I don’t have a bunion. Why do I have pain at the base of my big toe joint?
Pain at the big toe joint is often attributed to a bunion, which is a common foot problem especially affecting the medial side of joint. But what about the base of the joint? It is where the sesamoid bone located. Each foot has two sesamoid bones at the base of the front of first metatarsal. They are surrounded by the plantar tendons and act as pulleys to promote normal flexion of the big toe. If the foot is misaligned, and if there is a lot of forefoot landing, the sesamoid bones can be susceptible to inflammation.

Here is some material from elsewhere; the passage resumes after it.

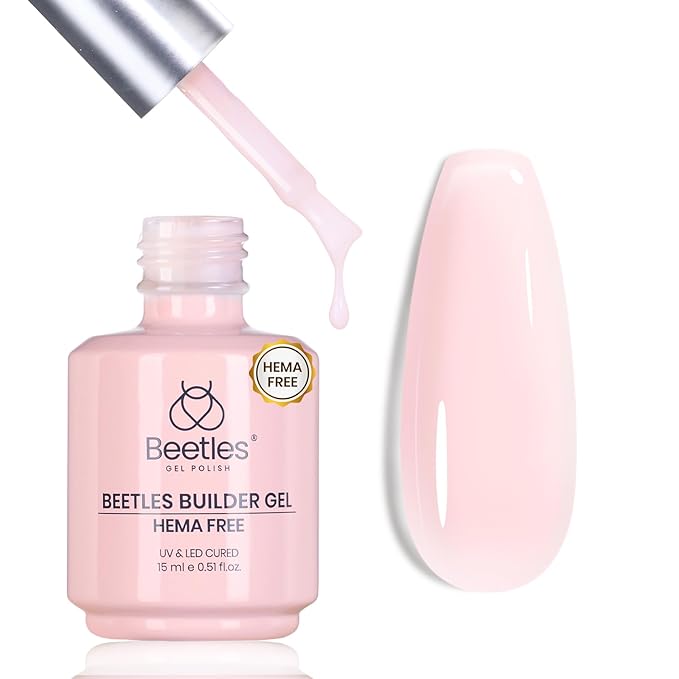 Beetles Builder Gel for Nails HEMA-Free,0.5 oz 8 in 1 Jelly Pink Building Gel,for Sensitive Nails Strengthening & Building Nail Apex,UV & LED Lamp Cured,DIY Salon at Home for Beginners Women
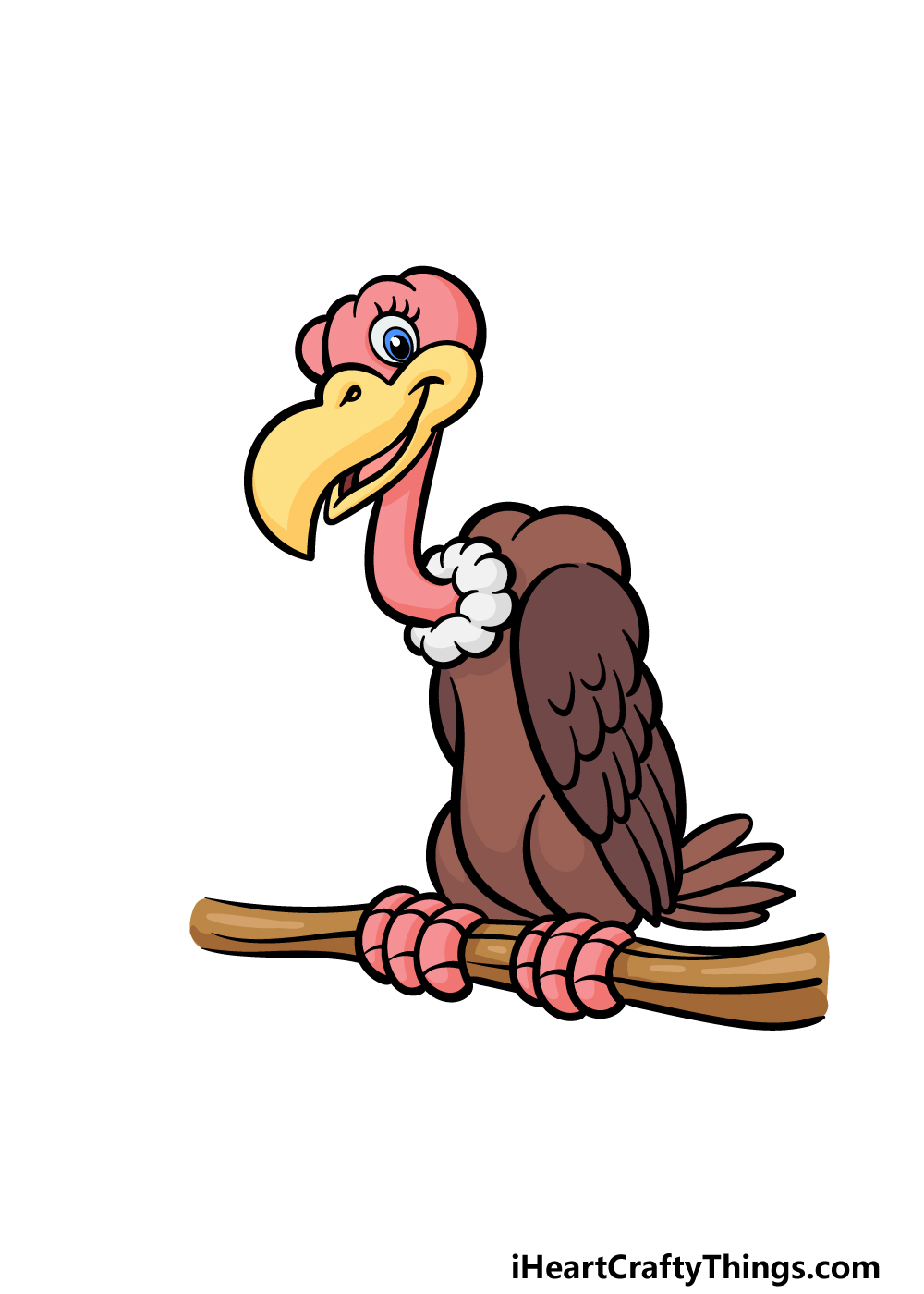 how to draw a cartoon vulture step 7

The main cause of sesamoiditis is compression or displacement of the sesamoid bones
- Sudden increase in the amount of exercise
- Hallux valgus (Bunions)
- People who need to land on their forefoot are at risk (e.g. sprinters, football or rugby players, etc.)
- Abnormal foot biomechanics (e.g. flat feet, over-pronated feet, high arched, knee valgus, etc.) can cause a change in the direction of motion of the flexor hallucis longus muscle, leading to unnecessary friction between the sesamoid bones and the inter-sesamoid ridge, causing inflammation
- Feeling stretched or pain at the base of big toe during walking or standing
- The affected area may be red, swollen or hot
- Custom-made prescription foot orthoses: If there is foot malalignment, you should consult pedorthist for a detail foot assessment and order a pair of custom-made prescription foot orthoses to correct the biomechanics.
- Dancer Pad: Insoles with dancer pad can be used to reduce the pressure on the sesamoid bones.
- Cold pad : Apply to the affected area when redness is present
- Self Care : Avoid sudden increase in the level of physical activity. Warm up before exercise to reduce the risk of injury.
- Medical Advice : Seek medical advice on treatment plan of sesamoiditis.